Labour has vowed to put creativity back at the “heart of the school curriculum” when it is next in government, claiming it plans to ensure “arts are not sidelined” from education.
Its pledge comes as Prince Charles this week convened an event of leading arts figures , including Andrew Lloyd Webber, which aimed to lobby for the arts and its role in education.
Labour said it had deep concerns about the decline of arts subjects in schools and has outlined a series of pledges should it come into power.
These include an arts pupil premium for every primary school in England, worth £160 million a year, to invest in projects that support cultural activities.
It has also vowed to launch a “creative careers advice campaign” to demonstrate to students the range of careers available.
Earlier this year, figures showed the number of GCSE students sitting creative subjects has slipped by 10% on last year, with drama uptake dropping by 5.3% on 2017 .
Labour has also calculated whether students eligible for free school meals are more or less likely to take GSCEs and A levels in arts subjects.
It has found that 0.5% of students eligible for free school meals took A-level music in 2016/17, compared with 1.2% of all students.

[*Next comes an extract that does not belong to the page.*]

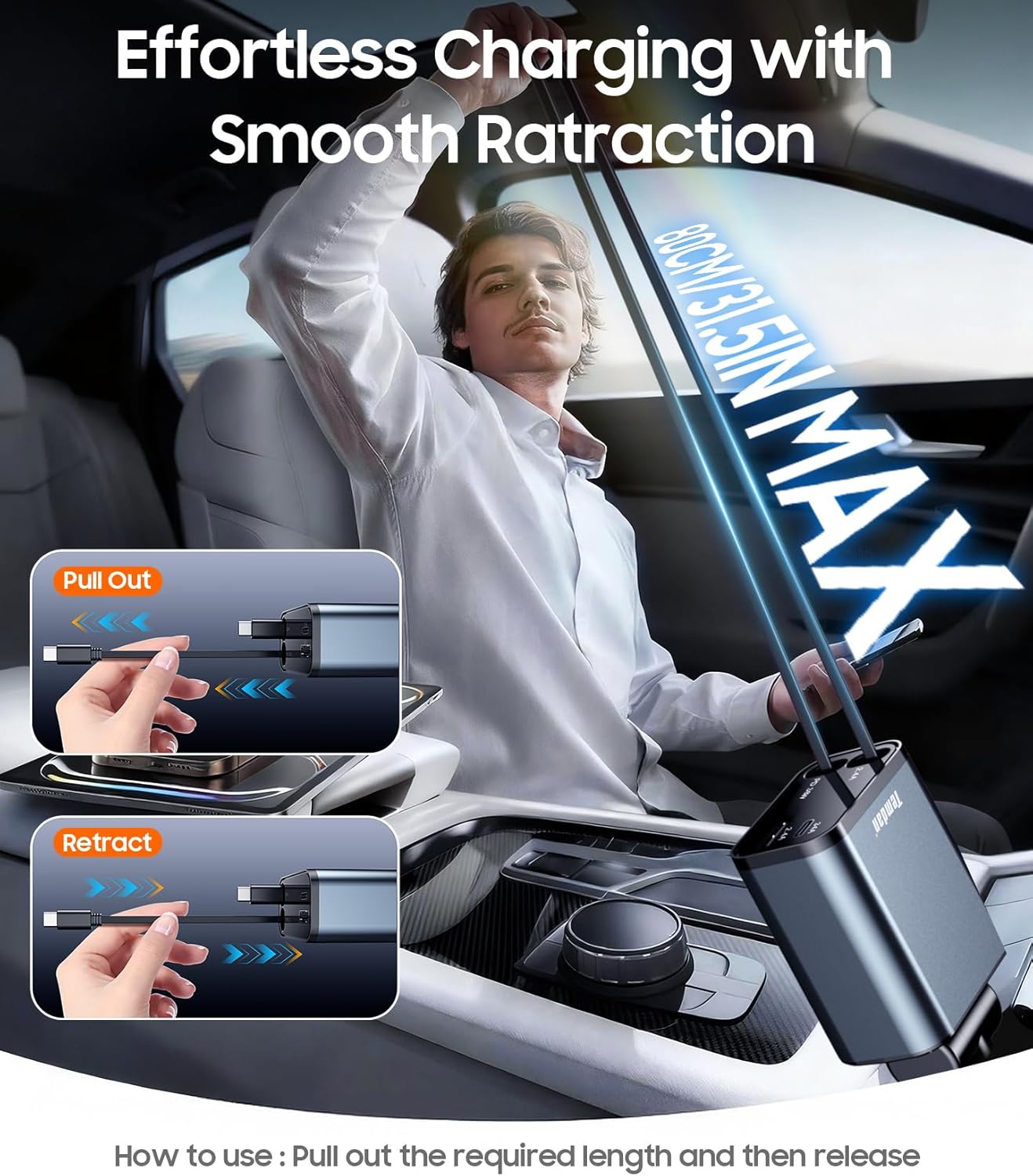 Fast Car Charger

Similarly, 2.4% of FSM students took A-level drama, compared with 3.3% of all students.
As part of its planned measures, Labour said it would review the English Baccalaureate to make sure arts subjects are not squeezed out.

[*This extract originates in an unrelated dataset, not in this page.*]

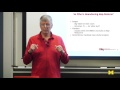 Michael Stonebraker | Big Data is (at least) Four Different Problems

Shadow culture secretary Tom Watson said every child should be able to “access the wonder and enjoyment that arts and creative endeavours bring”.
He said that performance measure the EBacc, which does not include arts subjects, was “sidelining vital creative subjects year by year”.
“It will cause us to miss out on potential artists, musicians and actors of the future and it will make the UK’s arts and culture the preserve of the few and even posher than it already is,” he added.